Road - togher, Ballyoran, Co. Cork
Co. Cork |
Roads & Tracks
A fragment of ancient road, buried for millennia beneath a County Cork bog, came to light not through deliberate excavation but as a consequence of bypass construction.
When monitoring work was carried out during the building of the N8 Rathcormac-Fermoy Bypass in 2004, an exposed section of Ballyoran Bog revealed the remains of a togher, a brushwood trackway of the kind prehistoric communities built to cross soft or waterlogged ground by laying bundles of rods and roundwood timber across the surface. The surviving section was modest, roughly 2.6 metres along its northwest-southeast axis and 1.2 metres across, found about 1.5 metres below the bog surface, resting directly on the underlying clay. Much of it had already been cut through by machinery before it could be recorded.
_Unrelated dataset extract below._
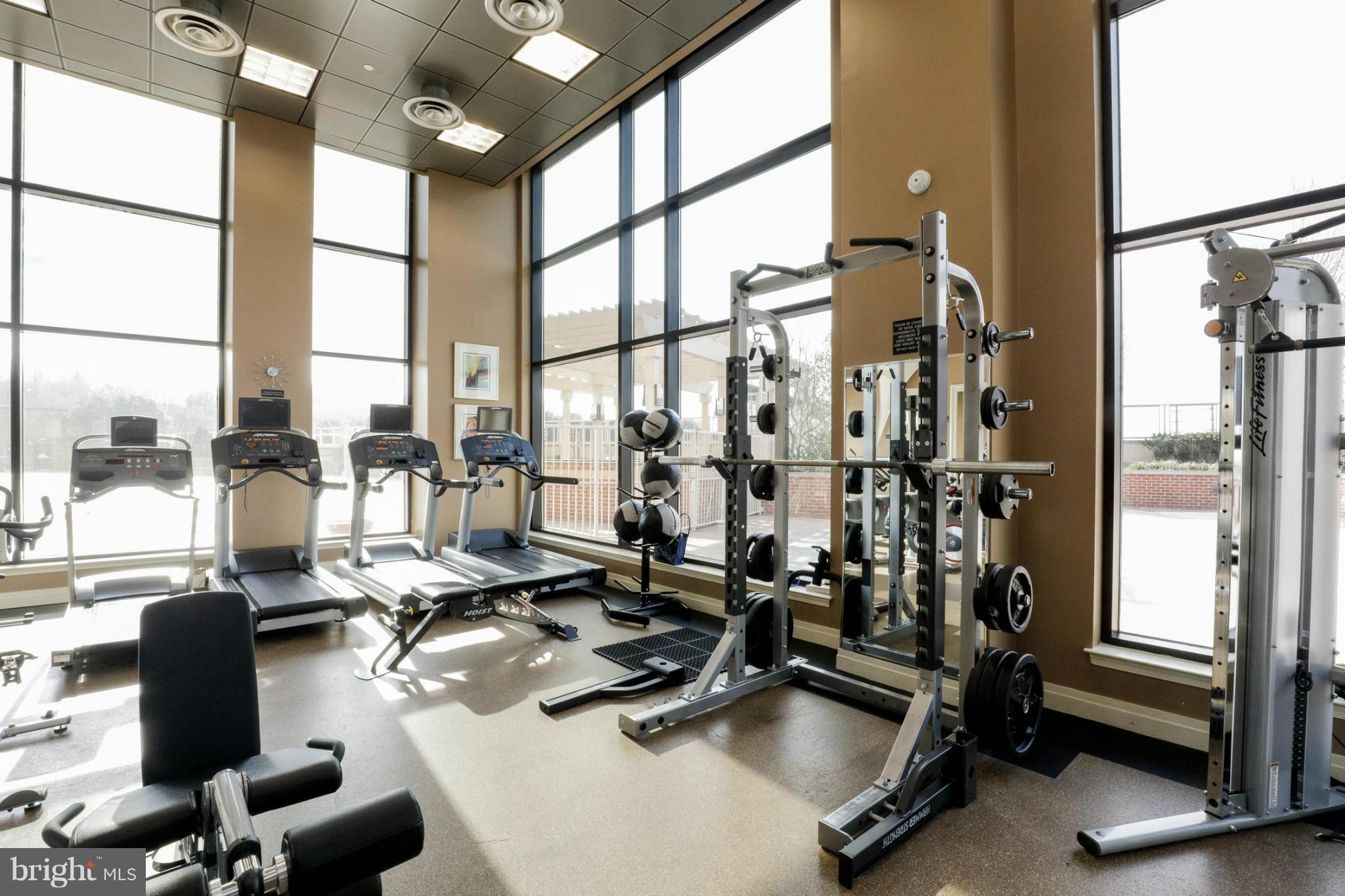 MIDTOWN ALEXANDRIA STATION CONDOMINIUM - Residential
Above the trackway itself lay a subrectangular platform made from two layers of brushwood, which the excavator, Tierney, interpreted as a rough working surface used during the trackway's construction. A radiocarbon date obtained from one of these layers returned a result of approximately 8280 to 7965 BC, a figure that created more questions than it answered. That date would place the wood in the Mesolithic period, predating any known human activity in the region, and Tierney's explanation is that old, already-preserved timber may have been incorporated into the build, skewing the result. It is a reminder of how bogs, which preserve organic material with unusual fidelity, can complicate the very evidence they protect: wood that had lain in waterlogged conditions for centuries before being reused would carry its original carbon signature rather than the date of construction. About 390 metres to the north, a fulacht fia was also excavated nearby; a fulacht fia is a type of Bronze Age cooking or industrial site, typically identified by a mound of burnt and cracked stone beside a trough.